START Data provided

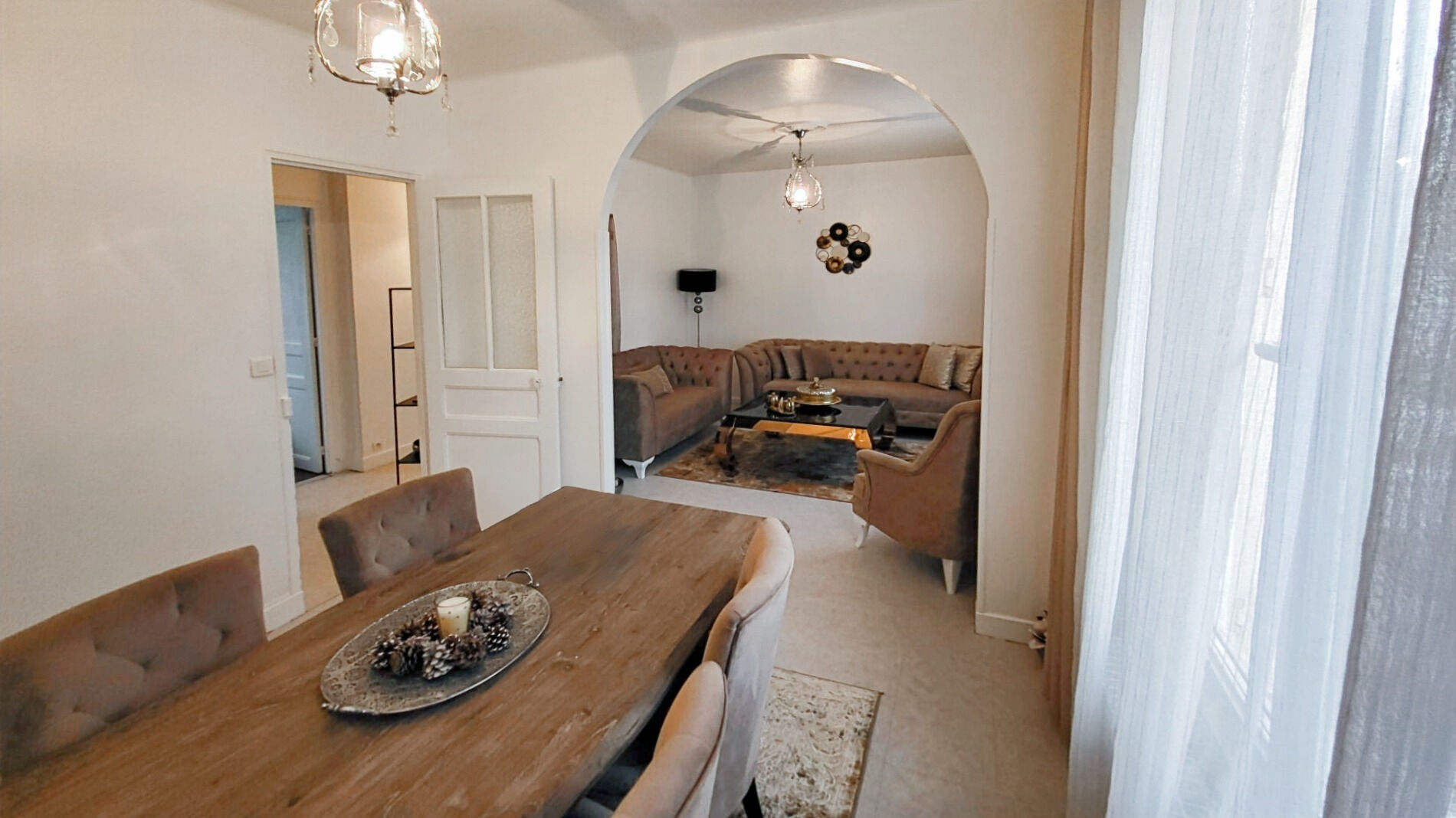 Maison ARPAJON (91290) 5 pièces 70.00 m²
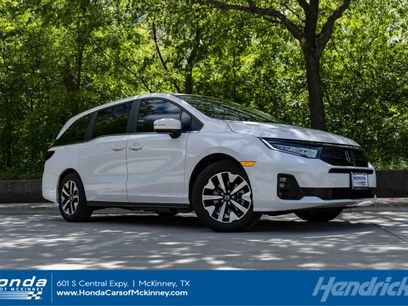 Used 2026 Honda Odyssey EX-L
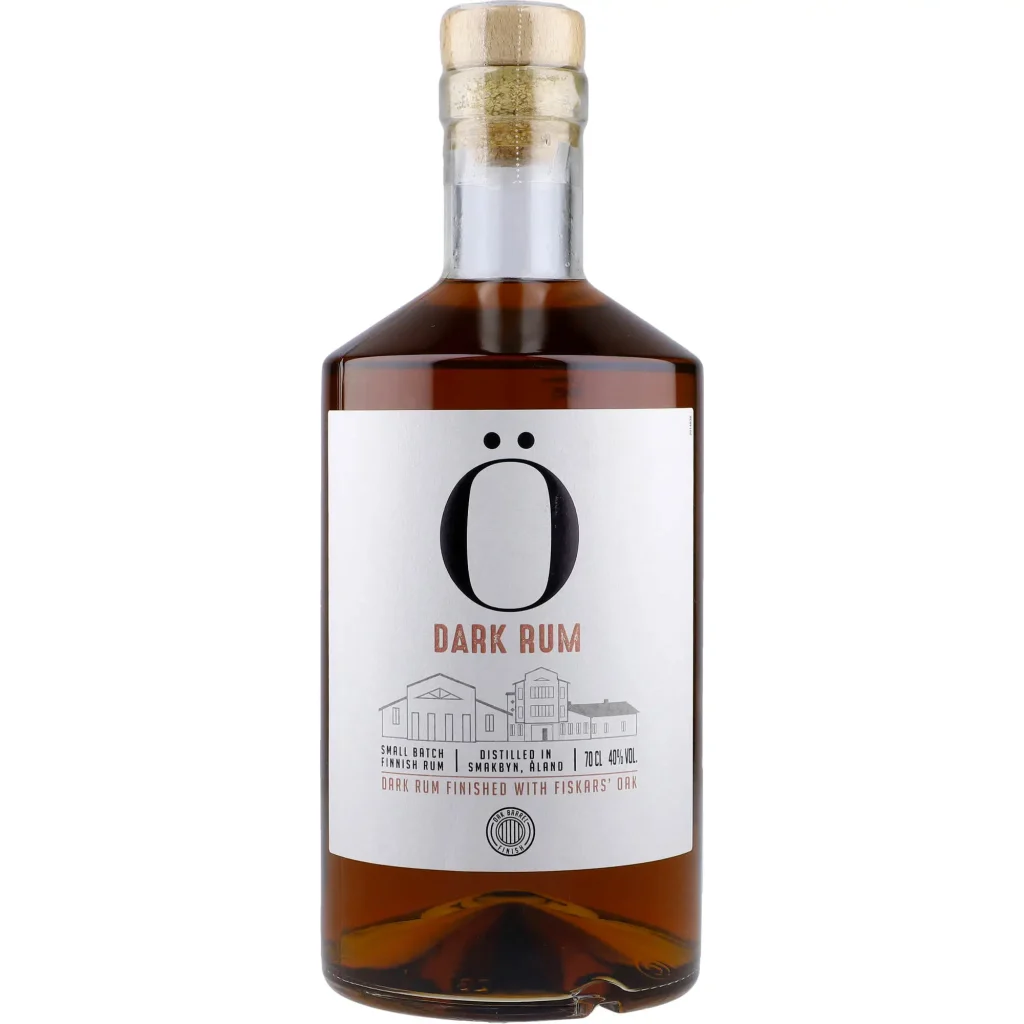 Rum Ö 40 %
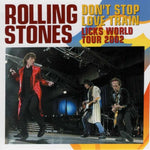 ROLLING STONES / DON'T STOP LOVE TRAIN (2CD)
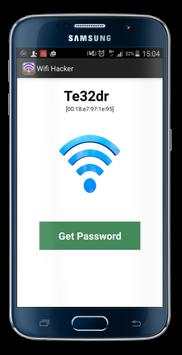 WiFi Password Hack: simulated screenshot 2
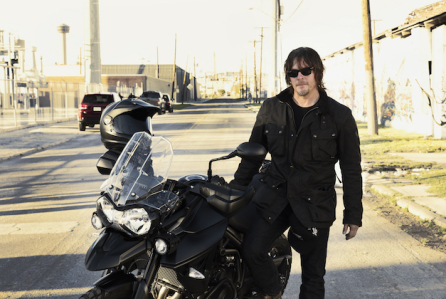Norman Reedus, Texas, March 1-3, 2016 - The Ride with Norman Reedus _ Season 1, Episode 4 - Photo Credit: Mark Schafer/AMC
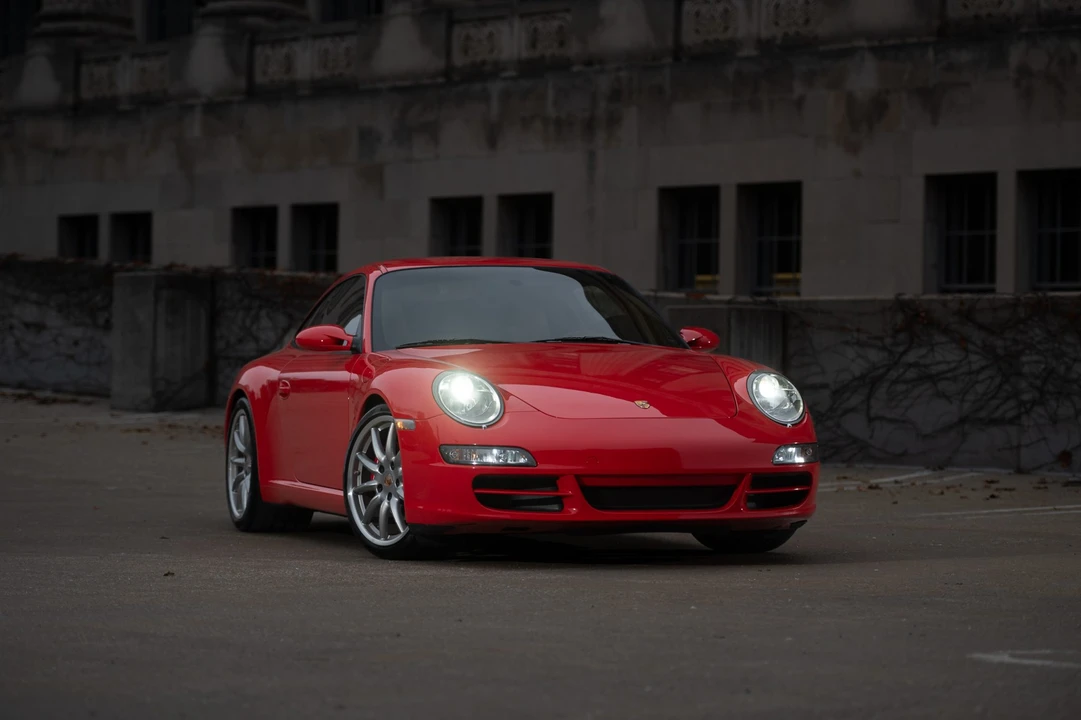 2006 Porsche 997 Carrera - Image 23 of 31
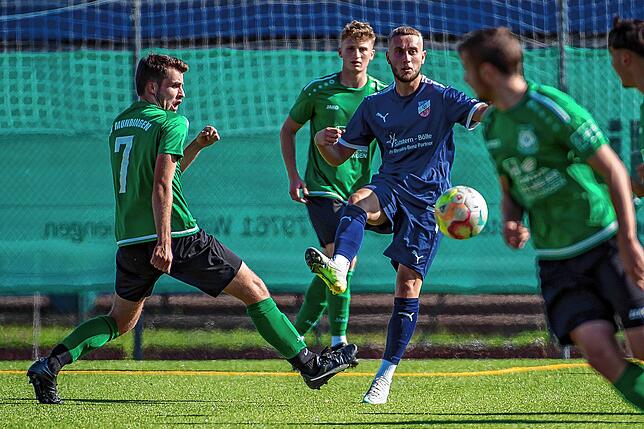 Bild 33: VfB Waldshut verliert mit 0:6 im Südbadischen Pokal gegen den SV Mundingen &ndash; wir haben Bilder!
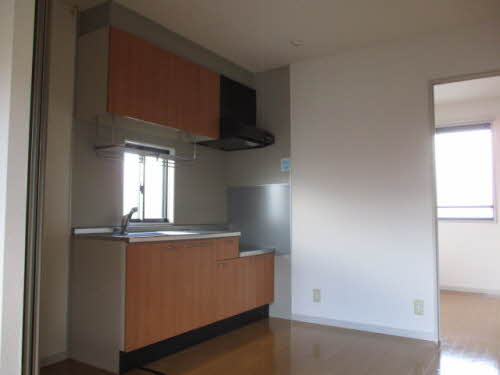 ハウス・パディＤ 201号-5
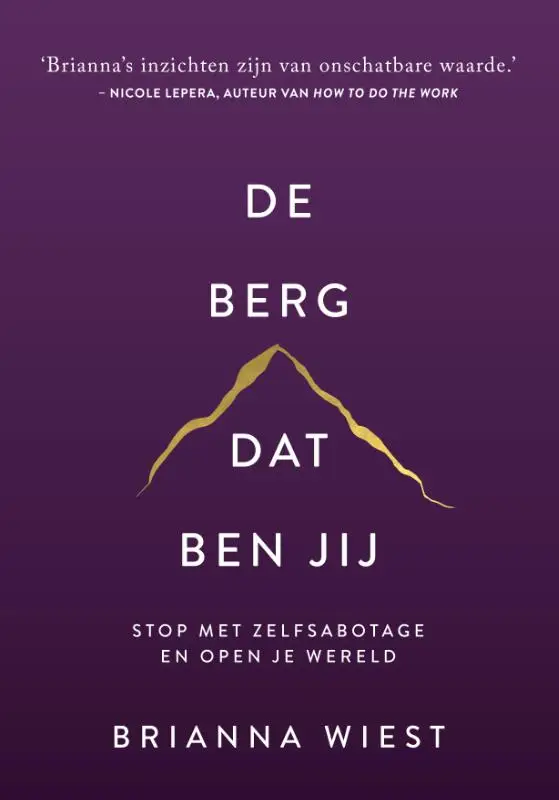 De berg, dat ben jij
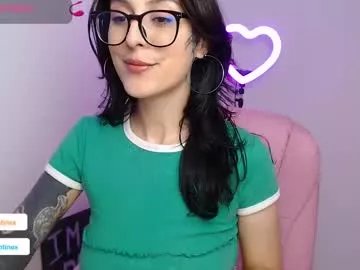 Freechat selvalentinex on Chaturbate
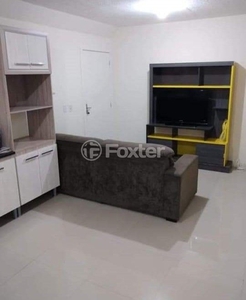 Apartamento 2 dorms à venda Estrada Barro Vermelho, Restinga - Porto Alegre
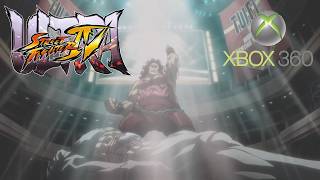 Vidéo Ultra Street Fighter IV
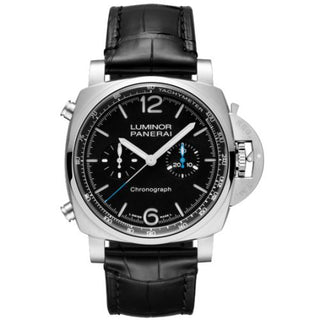 Panerai - PAM01109  Luminor 1950 Chrono 44 Stainless Steel / Black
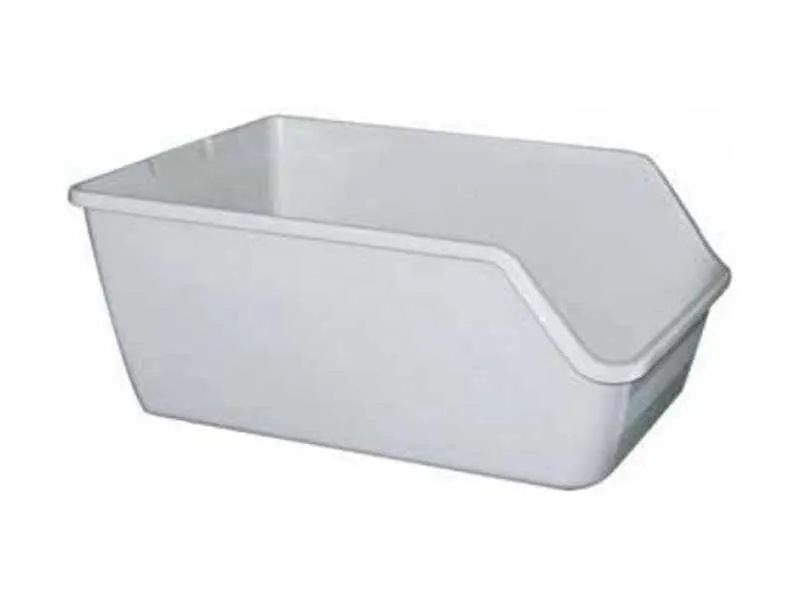 PAWISE High-back litter pan Pets Qatar
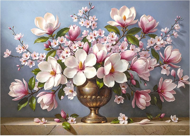 Puzzle Magnólia Elegance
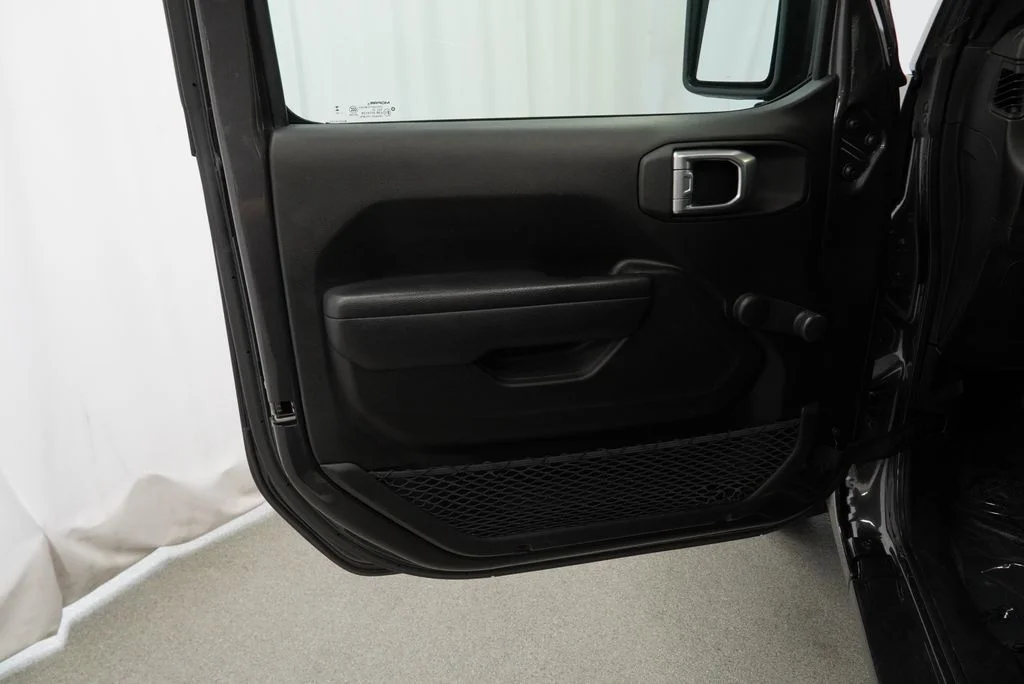 Used 2024 Gray Jeep Sport image 34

END Data provided

_To do:_
Set down again, exactly, every line above from the one with "WiFi Password Hack: simulated screenshot 2" down to the one with "Freechat selvalentinex on Chaturbate", both ends included. No pictures, and nothing else.

_Answer to the exercise:_
 WiFi Password Hack: simulated screenshot 2
Norman Reedus, Texas, March 1-3, 2016 - The Ride with Norman Reedus _ Season 1, Episode 4 - Photo Credit: Mark Schafer/AMC
 2006 Porsche 997 Carrera - Image 23 of 31
 Bild 33: VfB Waldshut verliert mit 0:6 im Südbadischen Pokal gegen den SV Mundingen &ndash; wir haben Bilder!
 ハウス・パディＤ 201号-5
 De berg, dat ben jij
 Freechat selvalentinex on Chaturbate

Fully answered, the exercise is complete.